§ **What this task involves**
Your answer must be an exact copy of the data, without any pictures.

### Collected data

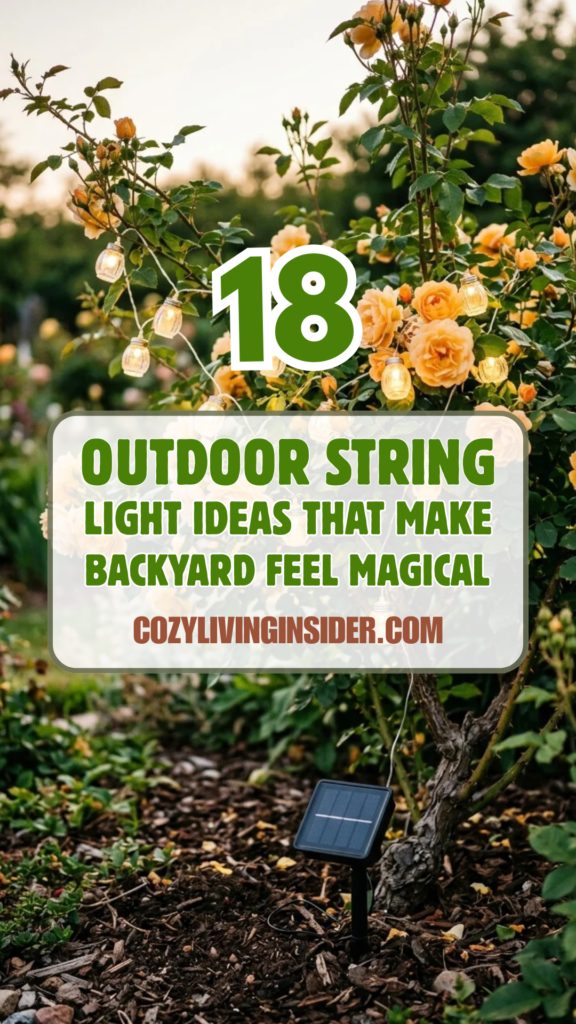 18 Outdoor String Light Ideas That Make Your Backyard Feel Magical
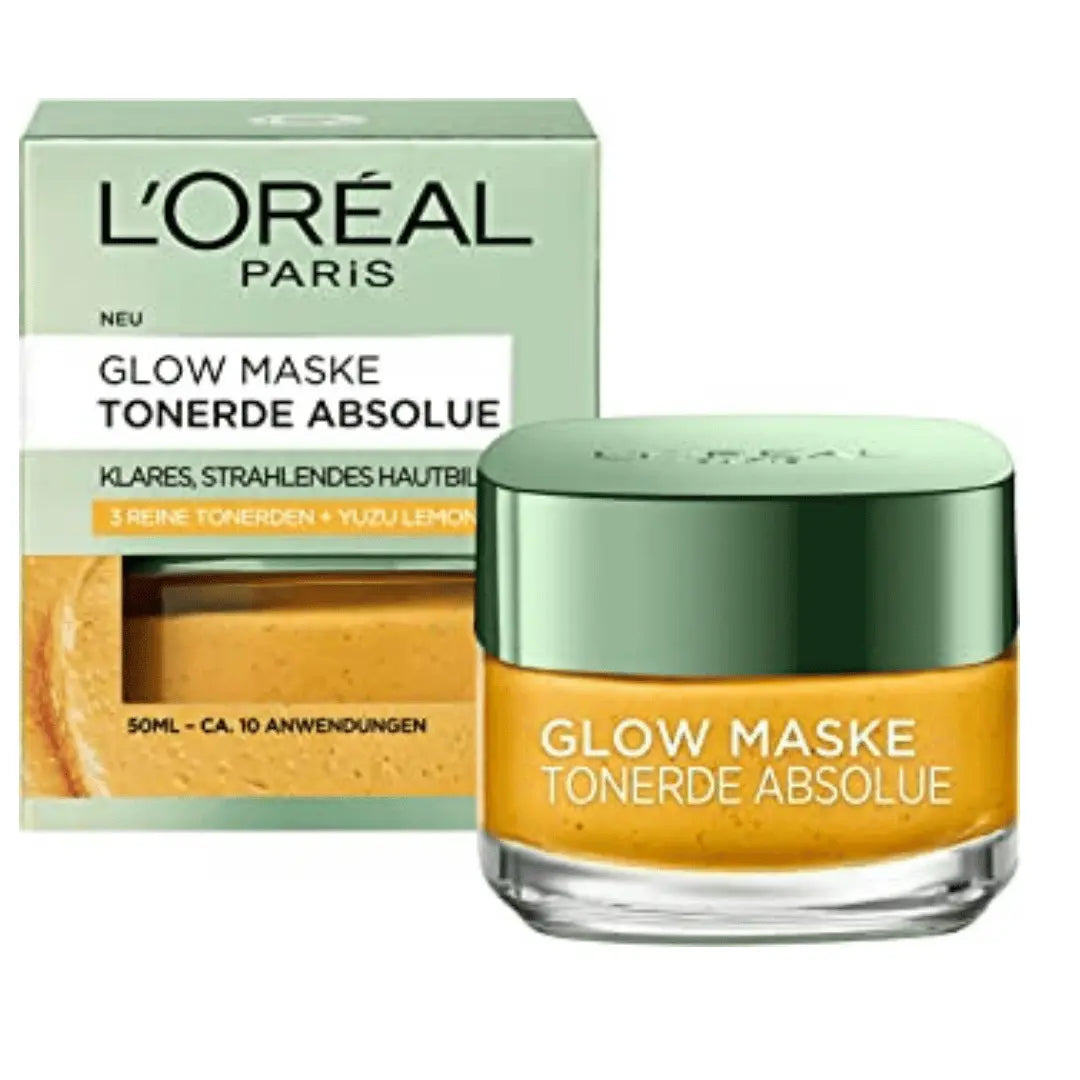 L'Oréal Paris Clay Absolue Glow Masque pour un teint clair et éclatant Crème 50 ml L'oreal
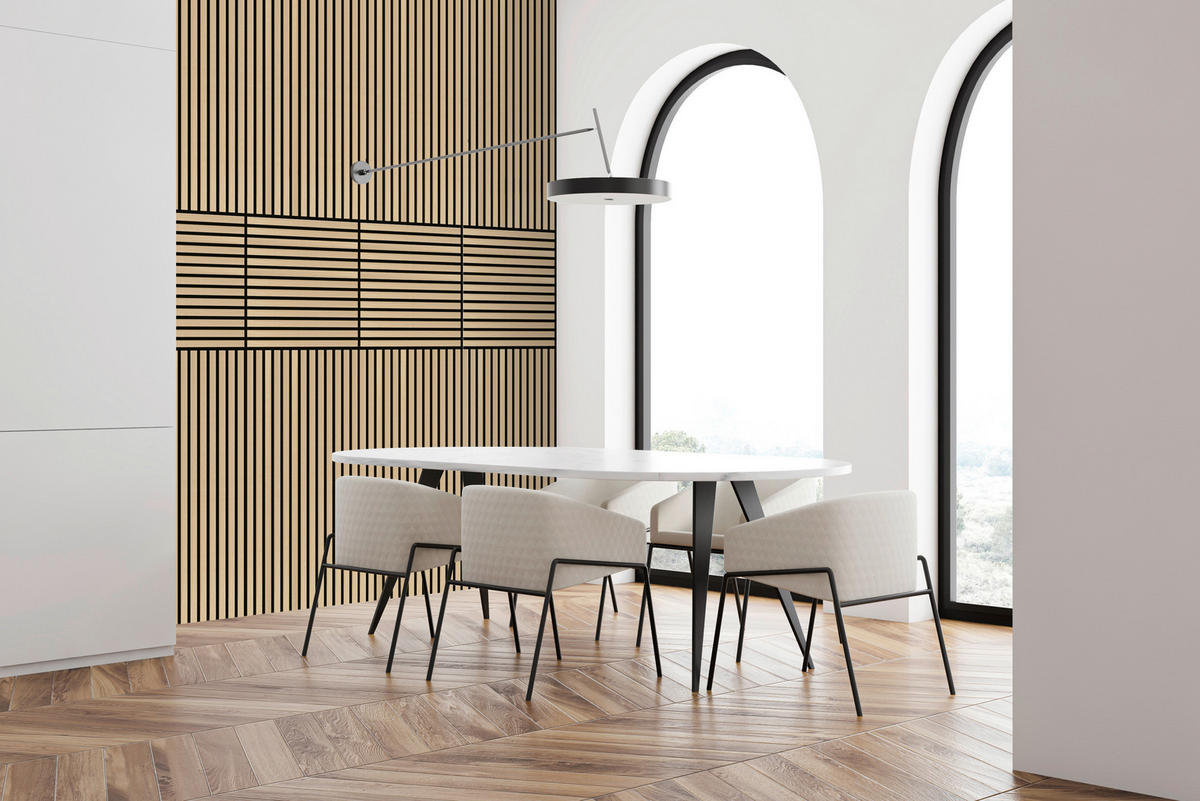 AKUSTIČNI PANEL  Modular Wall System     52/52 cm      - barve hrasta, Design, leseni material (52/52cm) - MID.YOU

######

§ **Exercise response**
 18 Outdoor String Light Ideas That Make Your Backyard Feel Magical
 L'Oréal Paris Clay Absolue Glow Masque pour un teint clair et éclatant Crème 50 ml L'oreal
 AKUSTIČNI PANEL  Modular Wall System     52/52 cm      - barve hrasta, Design, leseni material (52/52cm) - MID.YOU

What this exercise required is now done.